_WORK INSTRUCTION_
Pictures are to be left out, and only the lines below starting at the one with "Hey everyone, welcome" and ending at the one with "Oxygen bottles must" are to be reproduced, each exactly, both ends included.

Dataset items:
--- --- ---

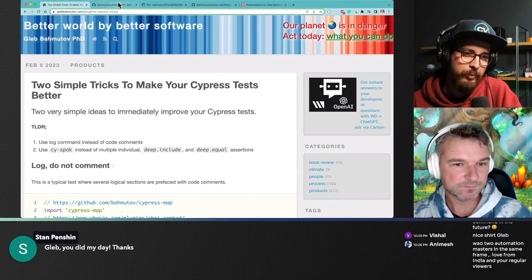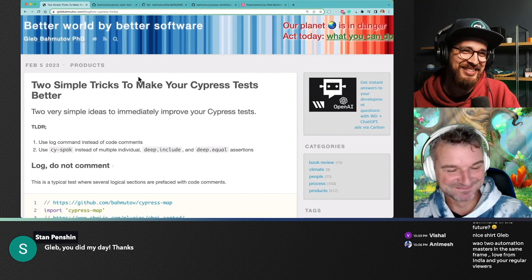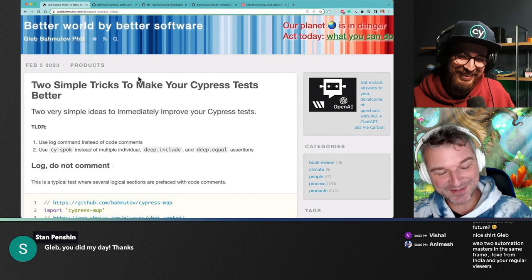There were a couple of questions regarding the Cucumber framework, and I think that's one of the topics that also needs some opinion from you, Gleb. Let's hear it. Pros and cons, go ahead.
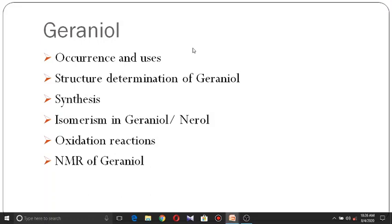Hello and welcome to the next lecture on terpenoids. Today we will discuss the very important compound geraniol — its occurrence, structure determination, synthesis, isomerism, oxidation reactions, and NMR of geraniol.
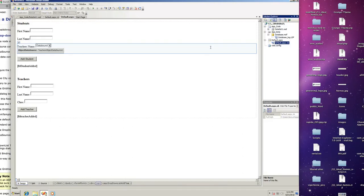Okay and welcome to tutorial number four. In this tutorial I'm going to show you how to add grid views which will display records that have been added. One grid view for students and one grid view for teachers.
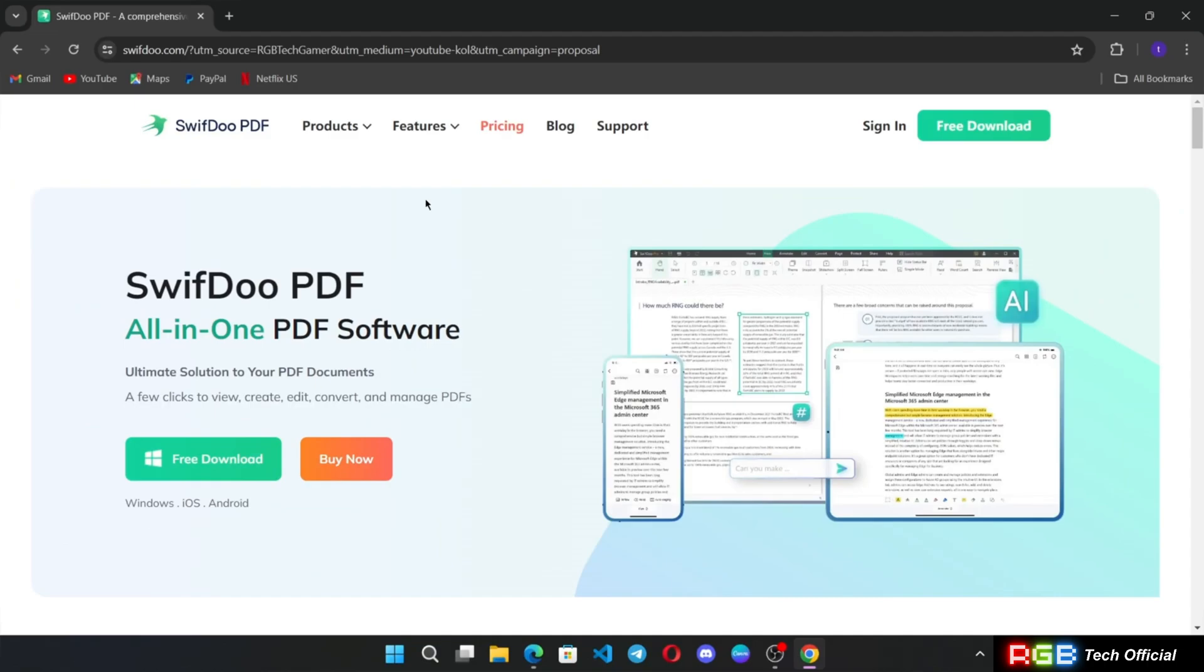Hey everyone, welcome back again. This video is brought to you by SwiftDo and we're taking a look at the ultimate all-in-one PDF software.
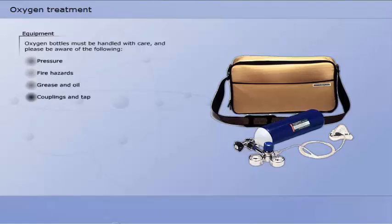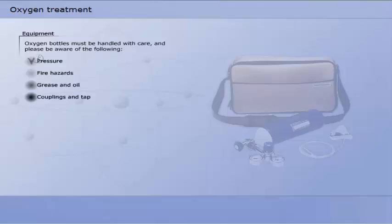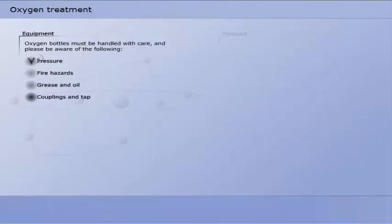Oxygen bottles must be handled with care and please be aware of the following: pressure, fire hazards, grease and oil, couplings and tap.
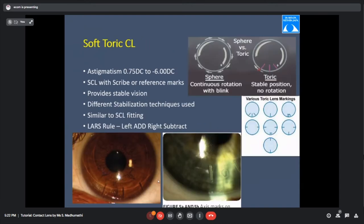For toric lens fitting: toric lenses and soft lenses look identical when touched, but under bright light, toric lenses show scribe marks. These scribe marks do not denote any axis — they are only a reference mark to tell whether the lens is rotating on the eye or not.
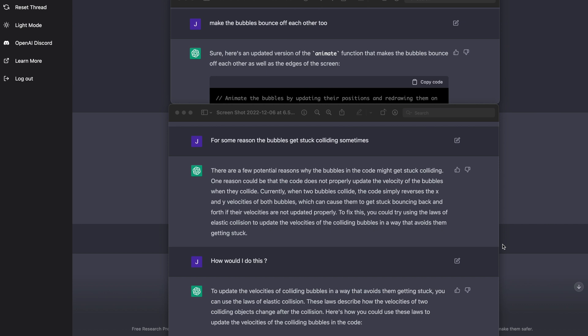To which it responded, a few potential reasons of why, specifically, it went into some details about the laws of elastic collision, which I knew nothing about, I still don't know much about. But I said, all right, sure, how would I do this?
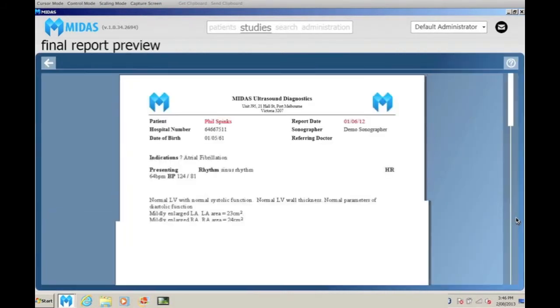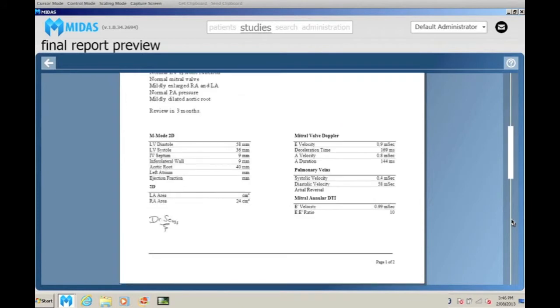This final report from MIDAS is then able to be imported into any SIS, HIS or patient management system.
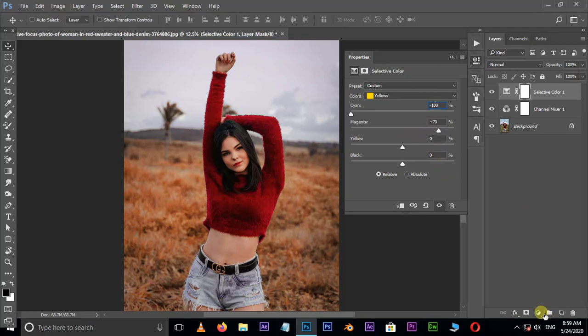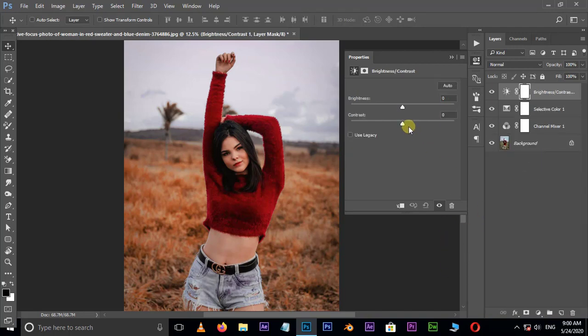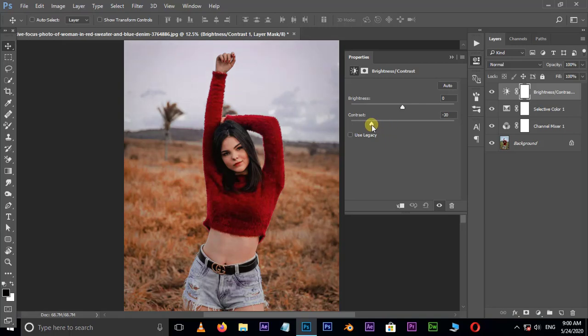Now go to brightness or contrast adjustment layer options and adjust the contrast for your best view result. Perfect.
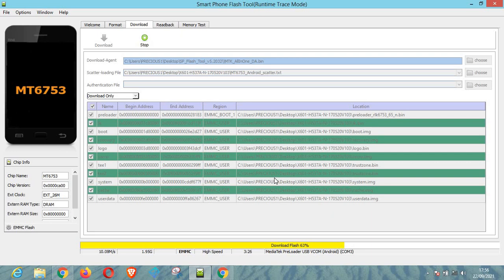If you need this particular scatter file and you have an Infinix Note 3 Pro that you would like to flash, please use the comment section to ask and I'm here to give you the software.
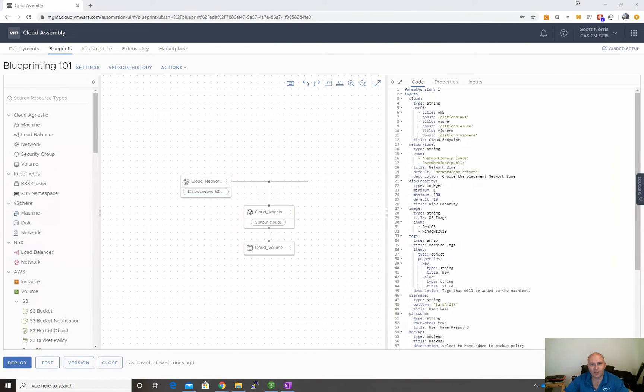Hey everyone, it's Scott Norris here, just continuing on in our series of Blueprinting 101.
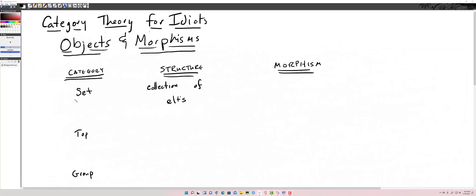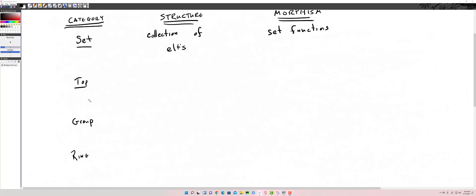For instance, Set is a category — but we don't just talk about sets, we talk about sets and all of their morphisms. Topological spaces, groups, rings — same thing. So the first example: Set. The structure of a set is just a collection of elements. The morphisms of a set are any maps that take a set and send it to a set — these are just set functions. Any set function you can think of is a morphism of a set.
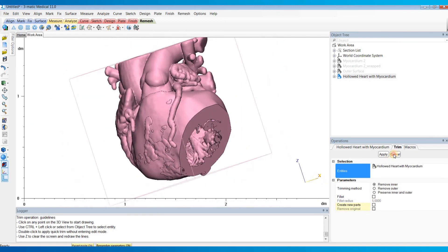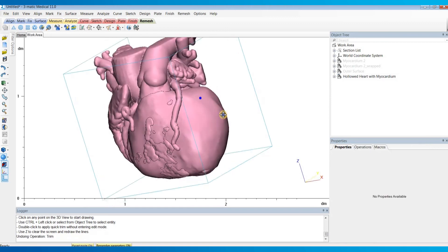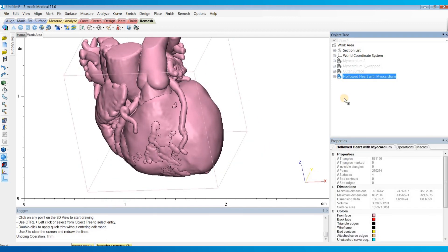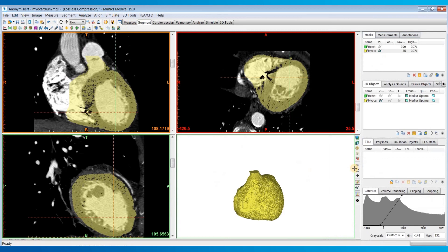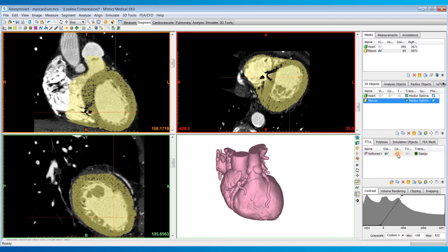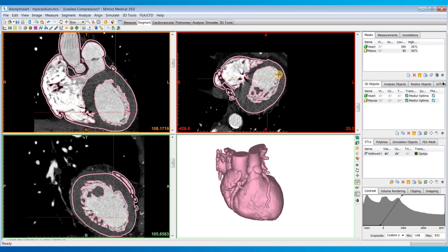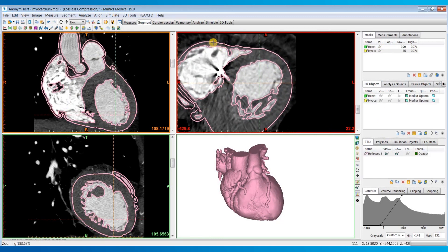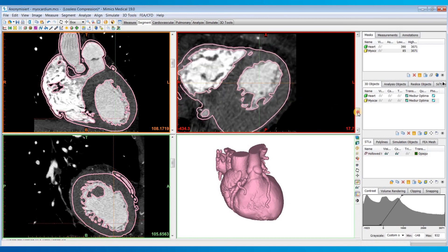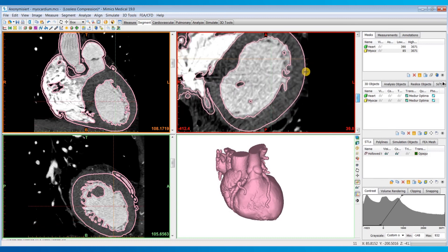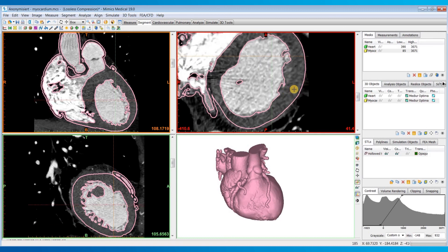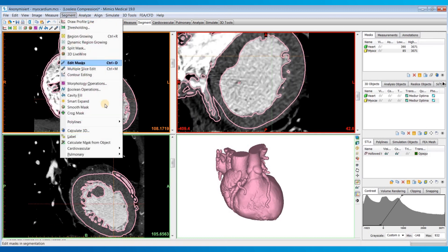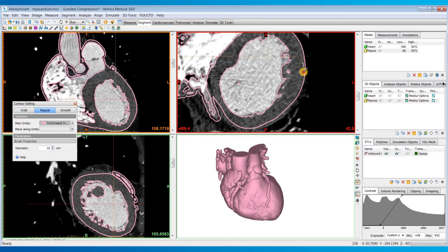I also typically recommend after adding the myocardium to copy paste this part back into Mimics using Ctrl+C, Ctrl+V like we did earlier. Then you can turn on the contour lines and see how the outer contours of this myocardium corresponds with your images. If maybe your segmentation was off slightly, you could use the contour editing tool to manually adjust that outer surface.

--- --- ---

_WRITTEN RESPONSE_
Hey everyone, welcome back again. This video is brought to you by SwiftDo and we're taking a look at the ultimate all-in-one PDF software.
Oxygen bottles must be handled with care and please be aware of the following: pressure, fire hazards, grease and oil, couplings and tap.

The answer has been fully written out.